Energean Israel is the Operator of the Karish and Tanin leases, offshore Israel. The fields are world class assets with 2.2 TCF of natural gas and 31.8 million barrels of light hydrocarbon liquids independently audited 2P reserves plus 5.4 BCM of gas and 1.0 mmbls of liquids 2C resources. Moreover, NSAI has audited 2.94 TCF of gas plus 78.8 mmbls of liquids unrisked prospective resources.
According to a CPR produced by NSAI in June 2018, the Karish Field contains 282.2 mmboe 2P reserves plus 34.7 mmboe 2C resources (70% net to Energean).
Energean made Final Investment Decision for the development project in March 2018, after having signed 12 Gas Sales and Purchase Agreements for 4,6 BCM in total annually and secured financing for the project. The Karish main field will be the first asset to be developed in the Karish and Tanin blocks by the Group. Karish was selected as the initial development as it is the largest discovery, is expected to provide the highest yield of liquid per volume of produced gas and is the closest discovery to shore. The assets required to develop this field will be installed and commissioned by early 2021 with the intention of introducing a second source of gas supply into the Israeli market as soon as practicable.
TechnipFMC has been awarded a lump sum EPCIC Contract. Stena Drilling has been awarded the contract to drill three development wells plus optional wells into the Karish discovery during 2019.
The Company has decided to develop both the Karish and Tanin fields using an FPSO (Floating Production Storage Offloading) that will be installed 90 km offshore, making it the first FPSO ever to operate in the Eastern Mediterranean. The FPSO will have a gas treatment capacity of 800 MMscf/day (8 BCM/per annum) and liquids storage capacity of 800,000 bbls, which the Company believes provides a flexible infrastructure solution and, potentially the scope to expand output for potential additional projects.
First steel was cut on the FPSE in Cosco yard, in Zhousan, China on November 26, 2018. Keel laying took place successfully on 13th April 2019.
Capex for the Karish development (First Phase) is estimated at US$1.6 billion.
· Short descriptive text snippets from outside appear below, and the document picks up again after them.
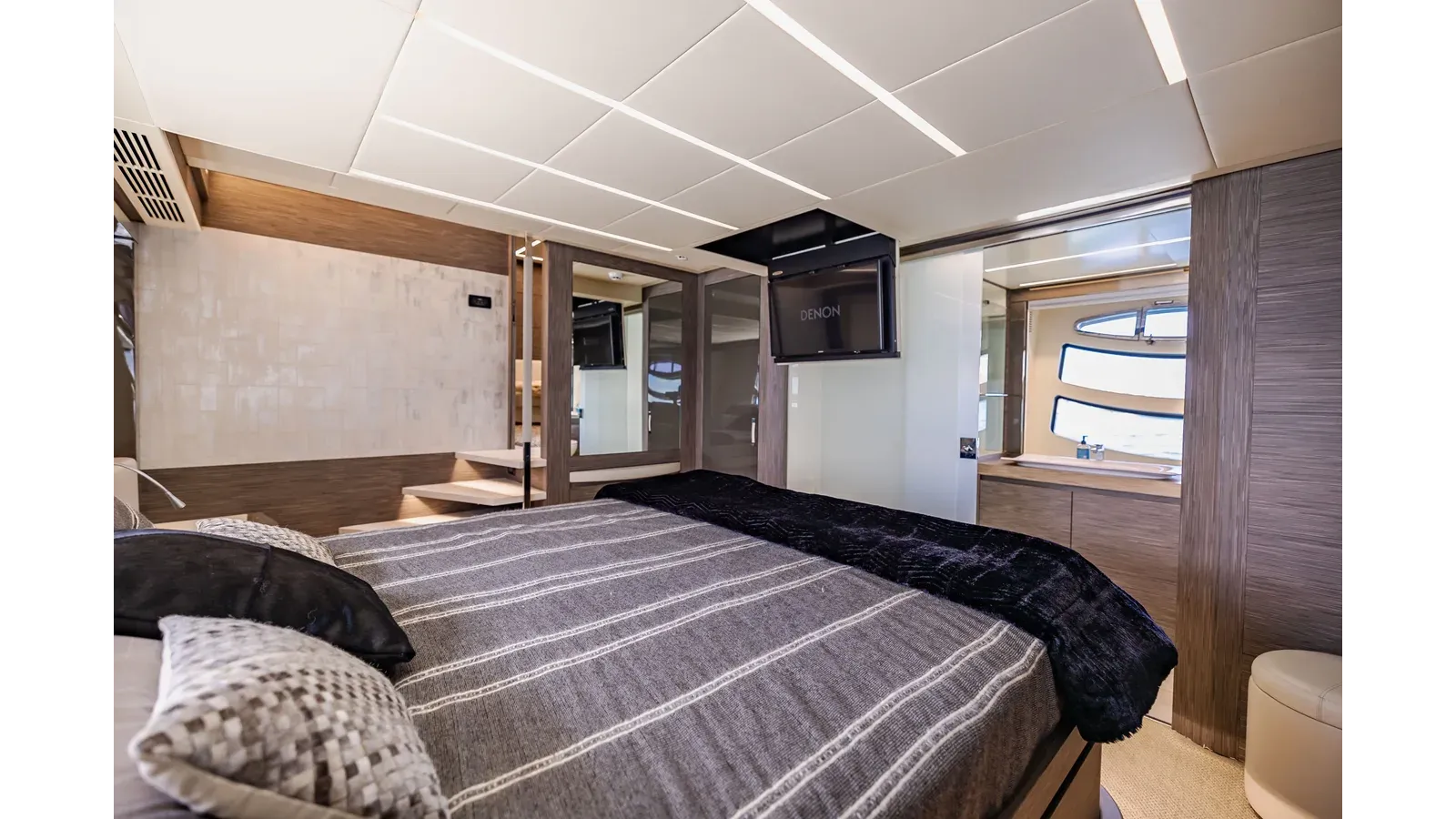 Buy a DOUBLE OR NOTHING - PERSHING at Shestakov Yacht Sales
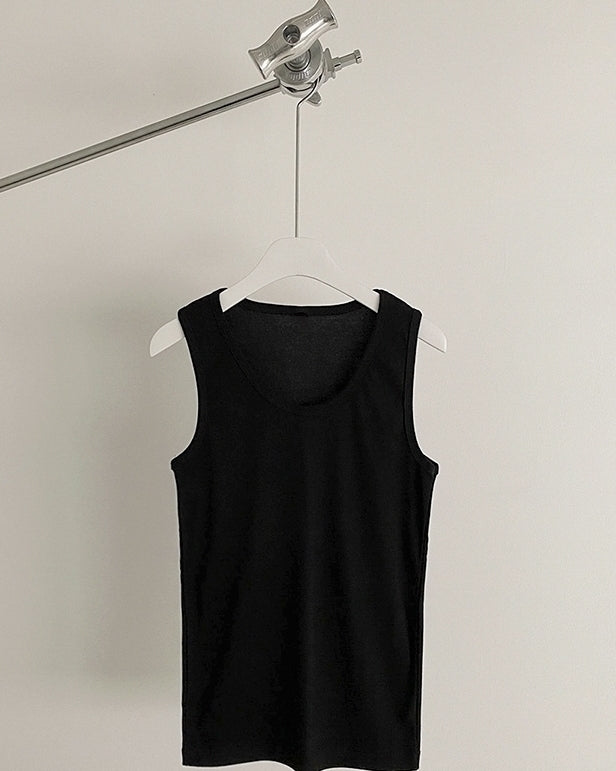 Classic Sleeveless Athletic Tee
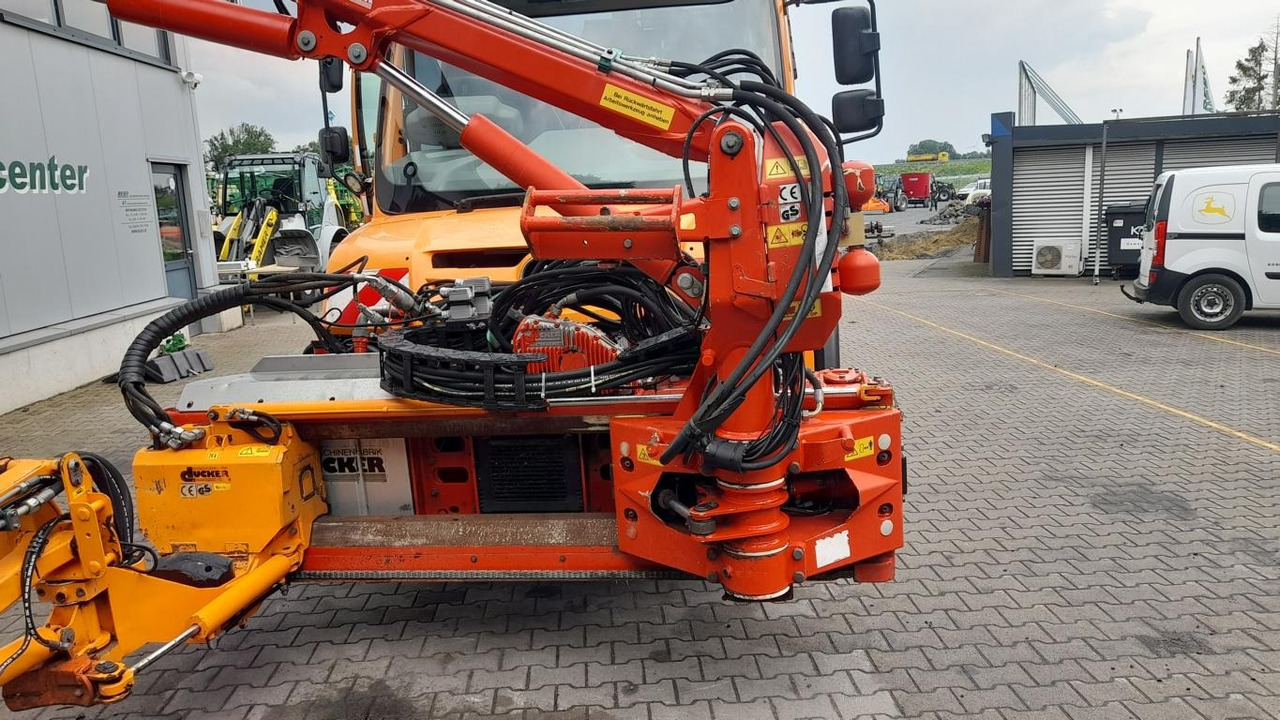 Mercedes-Benz UNIMOG U 527 - سيارة بلدية: صور 2 Mercedes-Benz UNIMOG U 527 - سيارة بلدية: صور 2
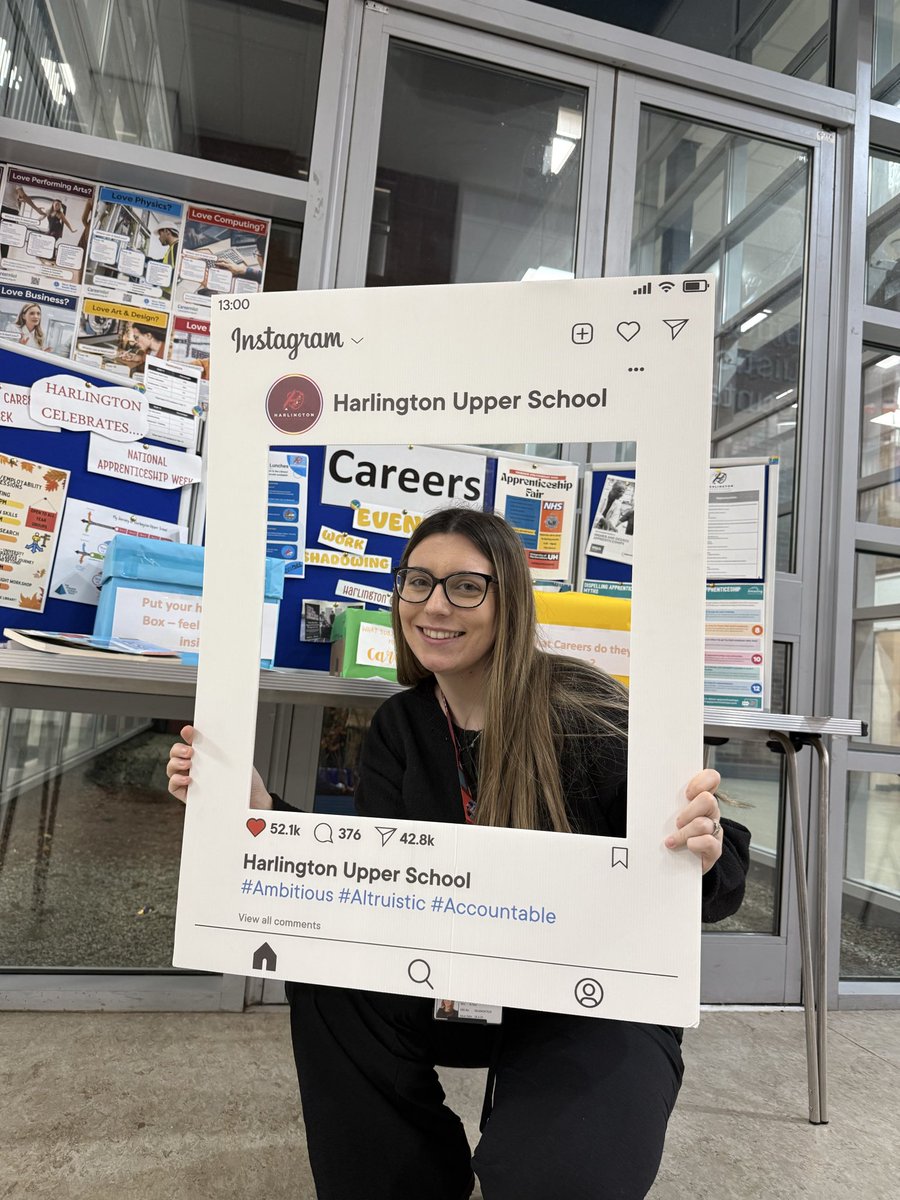 HarlingtonUpper's tweet photo. What a fantastic Year 9 GCSE Options Evening! 🎓✨
It was great to see so many students and families exploring subjects, asking thoughtful questions, and getting excited about the next stage of their journey. #y9options #choices #nextsteps https://t.co/2oSFJ0kvAh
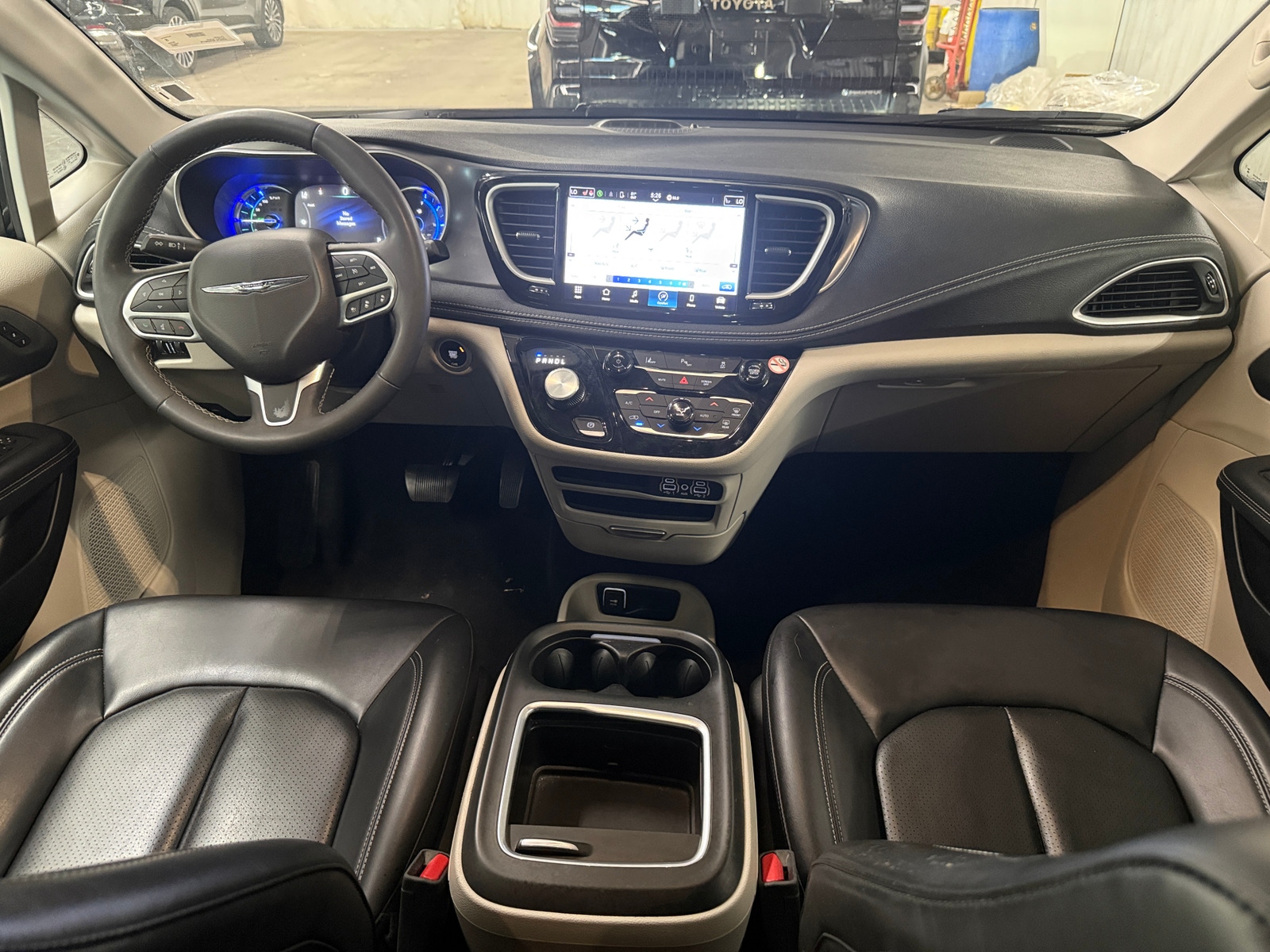 Thumbnail: 2023 Chrysler Pacifica - 2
Production from the field is expected to commence in Q1 2021.
The Karish and Tanin fields, approximately 40 km apart, are located in the north of Israel’s exclusive economic zone (EEZ).
Both fields are part of the prolific Early Miocene Tamar Sands play. The fields are located north of the Tamar field, in water depths exceeding 1,700 metres.
The Karish main field, located within the Karish lease, was discovered in 2013 and is located 25km northeast of the currently-producing Tamar field. The Karish main field is approximately 16km2 with a maximum estimated hydrocarbon column of 300 to 400m.
The Levantine Basin, in which the Karish and Tanin assets are located, contains up to 10,000m of Mesozoic and Cenozoic rocks above a rifted Triassic-Lower Jurassic terrain. The northern boundary of the Levantine Basin is defined by Cyprus and the Larnaca Thrust Zone, and its northwestern margin by the Eratosthenes Seamount. The Nile Delta Cone and the East Mediterranean coast define its southwestern and eastern margins.
The pressure volume-temperature models carried out in Karish demonstrate normal temperature and pressure for the depth of the reservoir. The field has strong vertical and lateral connectivity with faulting not expected to compartmentalise and a single gas-water contact has been evidenced by the seismic available for the Karish main field.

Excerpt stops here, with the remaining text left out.